MALCOLM: Canada is off track. We’ve lost our way.
And exclusive sneak-peak of Candice's forward from the new book 'Dead Wrong: How Canada Got the Residential School Story So Wrong'
Read Candice Malcolm’s forward from the new book Dead Wrong: How Canada Got the Residential School Story So Wrong. Dead Wrong is a follow-up to Grave Error, published by True North in late 2023. Get your copy from Amazon today!
Canada is off track. We’ve lost our way.
How else could we make sense of the moral panic produced from a half-baked report coming from a small Indian Band in Central British Columbia in the spring of 2021? In response, the country lost its mind. Following reports of 215 “unmarked graves” at the site of the former Kamloops Residential School, the supposedly trusted sources of our society – journalists, elected officials, academics and so-called experts – reported fiction as fact, without doing any due diligence or research into the still unproven and questionable claims of mass graves and secret midnight burials of hundreds of deceased children.
A failure of this magnitude doesn’t happen instantaneously. It’s built over time as those who profess to speak the truth deliver deception, doublespeak, and misinformation – all in the name of addressing some grievance, advancing an agenda, and creating a narrative.

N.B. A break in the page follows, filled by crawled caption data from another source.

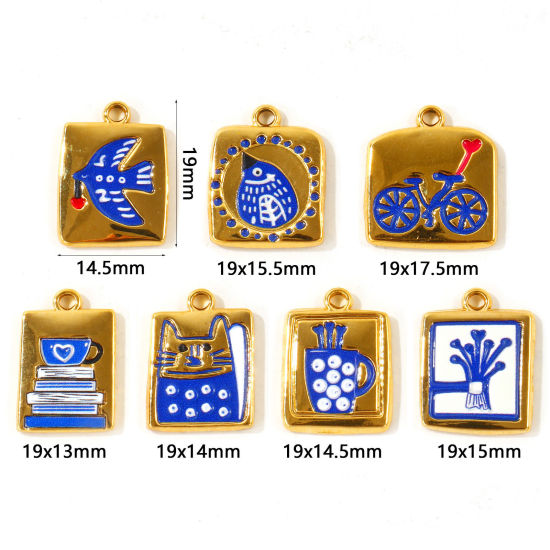 Picture of 2 PCs Eco-friendly PVD Waterproof Anti-Tarnish Hypoallergenic 304 Stainless Steel Charms Wholesale 18K Real Gold Plated Dark Blue Enamel Printed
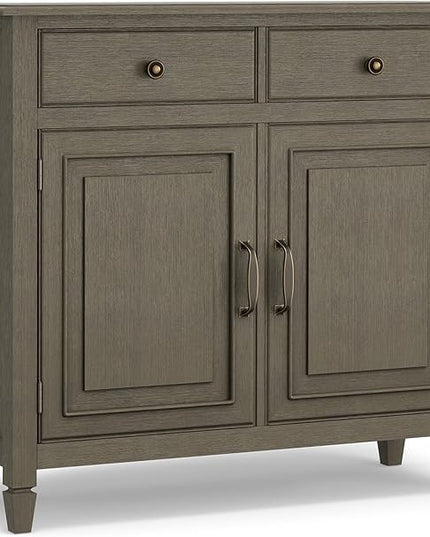 SIMPLIHOME Connaught SOLID WOOD 40 inch Wide Traditional Entryway Storage Cabinet in Farmhouse Grey for the Living Room, Entryway and Family Room - LeafyLoom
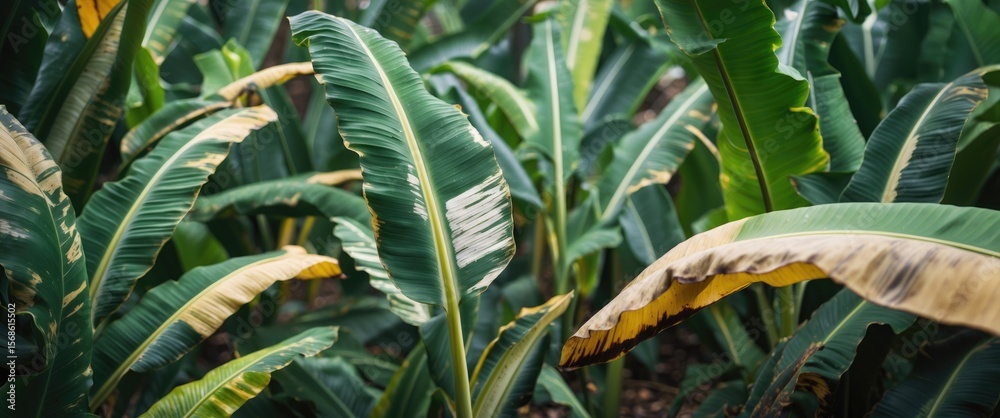 Fototapeta premium Lush green banana leaves in a dense plantation, showcasing thriving tropical vegetation and healthy foliage.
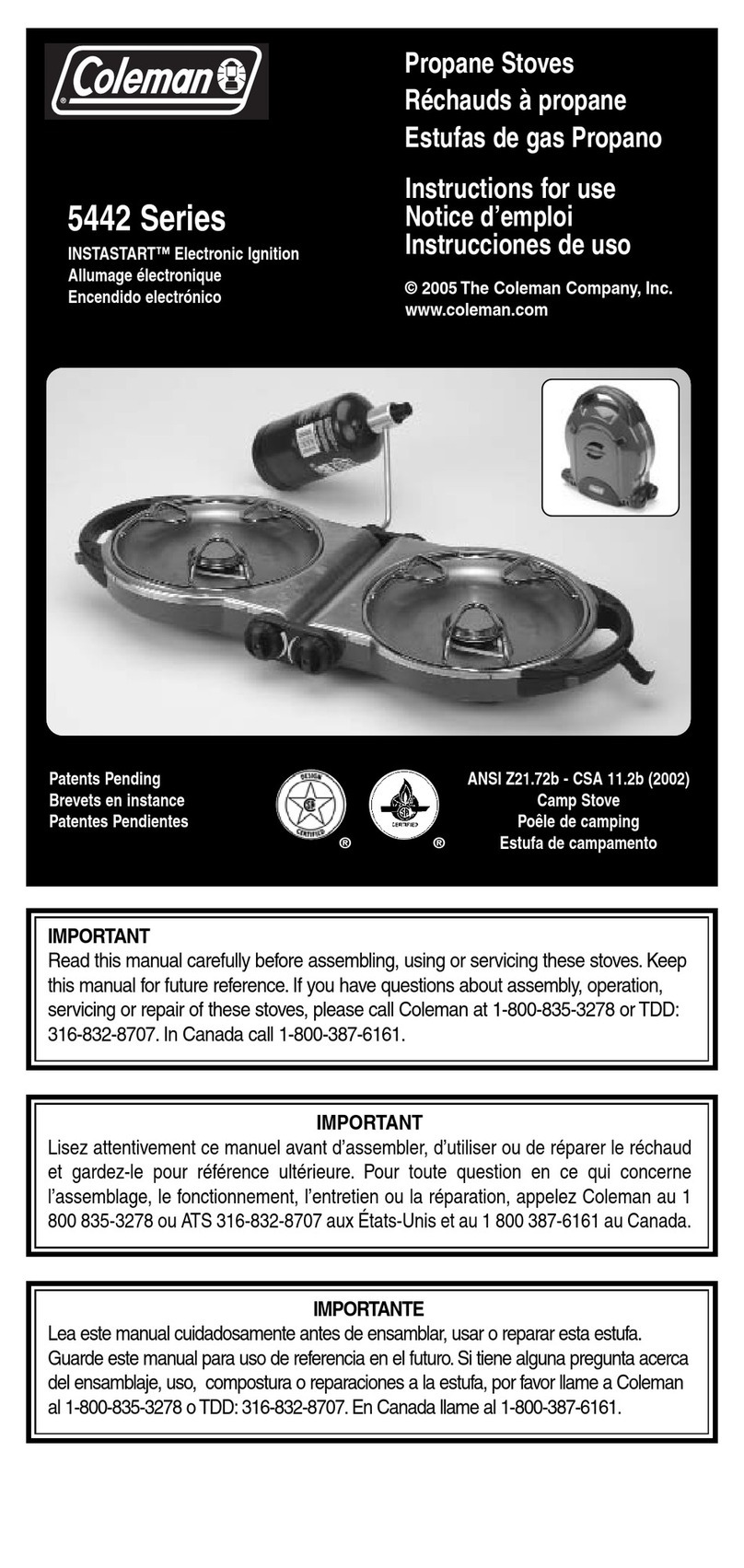 Coleman 5442-A50 Instructions for use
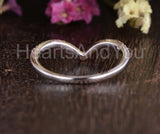 0.5ct Round Cut Moissanite V Shaped Half Eternity Wed Band 14k White Gold Plated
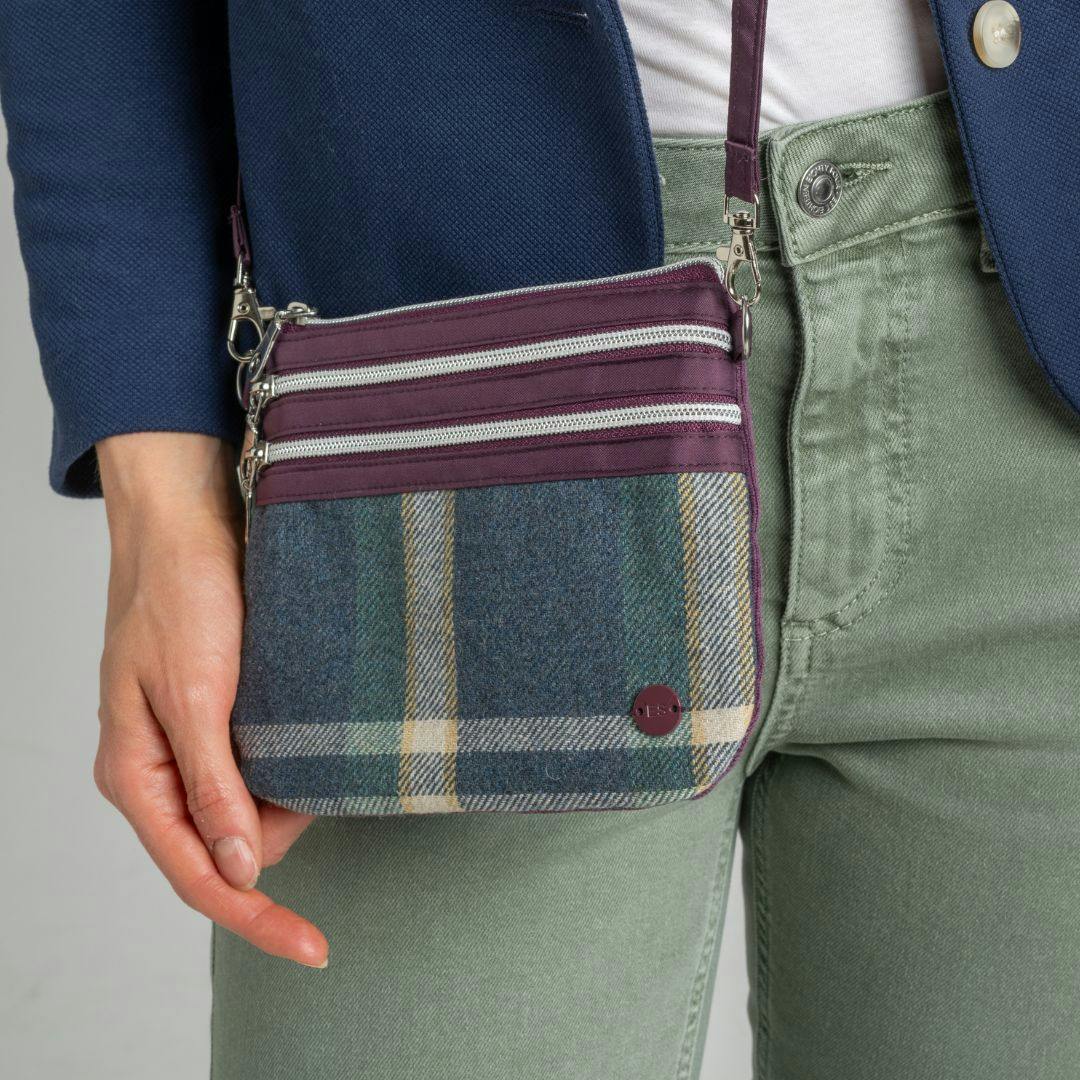 Earth Squared Light Tweed Mini Crossbody Pouch – Tartan 3 Zip Purse Bag - Multi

The only conclusion we can now draw is that our country is not what it should be, not what it was.
There are a myriad of complicated reasons to explain our clear downward trajectory – institutional capture, a hard-left consensus among political and cultural elites (driven in large part by government-funded journalists and the state broadcaster pushing woke propaganda), a large and inefficient bureaucracy that stifles growth and
innovation, institutions built upon a moral code that became unfashionable, and so on.
Canada has become a feminist country that proudly discriminates against men and diminishes the role of mothers. It has become a post-national country that loathes its founders and openly discriminates against individuals based on skin colour. It isn’t just post-Christian, it’s anti-Christian – evident from the treatment of Evangelical prayer leader Sean Feucht, the coordinated attacks against him in the summer of 2025 and the cancellation of tour stops across the country, not to mention total disinterest and cover-up of the 120+ churches that have been decimated and destroyed in the wake of the unmarked graves fiasco.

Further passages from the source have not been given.